I am currently in the middle of Week 2 of the Genealogy Do-Over by Thomas MacEntee.

This weeks goals are tracking and conducting research.

Tracking Research:

I had been reading about this subject for several weeks before starting Genealogy Do-Over. I knew I was in need of starting to learn how to create a research plan and track my research. I had been in the process of developing a research plan, research log and correspondence log for myself using Evernote for some time. After looking at several samples, I settled on one I think fits what I want. I have a place to state my objective, how I came up with the current hypothesis, and then a place to list links and resources of how I will go about to research my objective. I intend to fill out one of these before starting a new name, or trying to solve a particular question before I start to conduct ANY research.

Once I begin researching, I will then enter all the information into my research log. The same goes for my correspondence log if I am writing to courthouses, churches, libraries, etc.

Conducting Research:

I had a few research goals I established last week. This week, armed with my new templates, I decided to focus on my grandfather, since I basically had the most for him already. Creating the research plan took me a few nights. I went through Ancestry and FamilySearch to see if there were any online collections that I could search that might confirm or give additional information on my grandfather. I also looked at for any other online collections that I could search. I didn’t just start randomly copying and pasting links. I looked at each one to make sure that dates and locations made sense with my objective. That is what took me the longest time

After I was satisfied that I had enough to start searching, I started. First entered in previous documents that I had held into my correspondence log. I had actually had the dates I sent away for the vital record documents that I held, so that’s what I entered into the log. Then, I checked off the box in my research plan, and added a note link from the correspondence log into my research plan. The research I did online, I entered into my research log, which again had a note link to my research plan. I also transcribed information from any document straight into the person notes field in my new, “Re-planted” tree in Family Tree Maker.
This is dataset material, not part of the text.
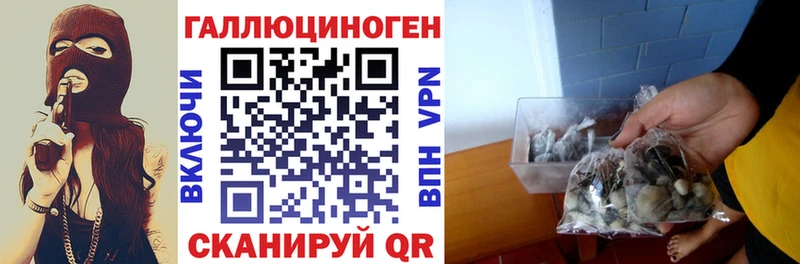 Галлюциногенные грибы ЛСД  Купить где  Менделеевск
Here is the link to my research plan. I’ll see how this works as I continue with new research goals. I’m concerned Evernote’s limit with table rows may be a problem with a challenging problem down the road. But, for now, this is what I’m going with.

Genealogy Do-Over – Week 2

I am currently in the middle of Week 2 of the Genealogy Do-Over by Thomas MacEntee.

Just a quick update from last week. For Week 1, we were asked to come up with some base practices. This inspired me to learn more about the Genealogy Proof Standard and citing our sources. I ended up doing some online reading, and listening to YouTube videos on these topics as well. This led me to add and re-write to my base practices as well as purchase two books on the subject to learn more in depth about these topics. The first was Genealogy Standards: Fiftieth Anniversary Edition, by Board for Certification of Genealogists, and Evidence Explained by Elizabeth Shown Mills. Both of these books came highly recommended by several people. I am excited to start applying this new found knowledge of these practices to my own research.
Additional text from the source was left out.